Merge remote-tracking branch 'origin/master' into consistentcolreplacement

joshhwuu · joshhwuu · commit ac8ce38e1c90 · 2024-06-19T17:31:52.000-07:00
diff --git a/NEWS.md b/NEWS.md
@@ -98,7 +98,13 @@
 
 15. `dcast()` now issues a warning when `fun.aggregate` is used but not provided by the user. `fun.aggregate` defaults to `length` in this case. Previously, only a message was issued. However, relying on this default often signals unexpected duplicates in the data. Therefore, a stricter class of signal was deemed more appropriate, [#5386](https://github.com/Rdatatable/data.table/issues/5386). The warning is classed as `dt_missing_fun_aggregate_warning`, allowing for more targeted handling in user code. Thanks @MichaelChirico for the suggestion and @Nj221102 for the fix.
 
-16. Assigning `list(NULL)` to a list column now replaces the column with `list(NULL)`, instead of deleting the column [#5558](https://github.com/Rdatatable/data.table/issues/5558). This behavior is now consistent with base `data.frame`. Thanks @tdhock for the report and @joshhwuu for the fix.
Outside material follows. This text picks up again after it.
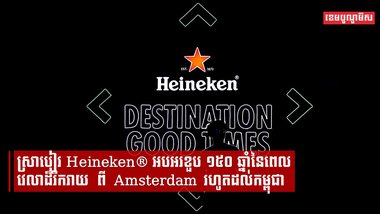 ស្រាបៀរ Heineken® អបអរខួប ១៥០ ឆ្នាំនៃពេលវេលាដ៏រីករាយ ពី Amsterdam រហូតដល់កម្ពុជា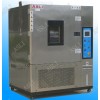 電工電子恒溫恒濕試驗(yàn)箱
+16. `print.data.table` gains new argument `show.indices` and option `datatable.show.indices` that allows the user to print a `data.table`'s indices as columns without having to modify the `data.table` itself. Thanks @MichaelChirico for the report and @joshhwuu for the PR.
+
+17. Assigning `list(NULL)` to a list column now replaces the column with `list(NULL)`, instead of deleting the column [#5558](https://github.com/Rdatatable/data.table/issues/5558). This behavior is now consistent with base `data.frame`. Thanks @tdhock for the report and @joshhwuu for the fix.
+
+## TRANSLATIONS
+
+1. Fix a typo in a Mandarin translation of an error message that was hiding the actual error message, [#6172](https://github.com/Rdatatable/data.table/issues/6172). Thanks @trafficfan for the report and @MichaelChirico for the fix.
 
 # data.table [v1.15.0](https://github.com/Rdatatable/data.table/milestone/29)  (30 Jan 2024)
 
diff --git a/R/onLoad.R b/R/onLoad.R
@@ -79,6 +79,7 @@
        "datatable.print.colnames"="'auto'",    # for print.data.table
        "datatable.print.keys"="TRUE",          # for print.data.table
        "datatable.print.trunc.cols"="FALSE",   # for print.data.table
+       "datatable.show.indices"="FALSE",       # for print.data.table
        "datatable.allow.cartesian"="FALSE",    # datatable.<argument name>
        "datatable.dfdispatchwarn"="TRUE",                   # not a function argument
        "datatable.warnredundantby"="TRUE",                  # not a function argument
diff --git a/R/print.data.table.R b/R/print.data.table.R
@@ -7,6 +7,7 @@ print.data.table = function(x, topn=getOption("datatable.print.topn"),
                col.names=getOption("datatable.print.colnames"),
                print.keys=getOption("datatable.print.keys"),
                trunc.cols=getOption("datatable.print.trunc.cols"),
+               show.indices=getOption("datatable.show.indices"),
                quote=FALSE,
                na.print=NULL,
                timezone=FALSE, ...) {
@@ -64,15 +65,28 @@ print.data.table = function(x, topn=getOption("datatable.print.topn"),
     }
     return(invisible(x))
   }
+  if (show.indices) {
+    if (is.null(indices(x))) {
+      show.indices = FALSE
+    } else {
+      index_dt <- as.data.table(attributes(attr(x, 'index')))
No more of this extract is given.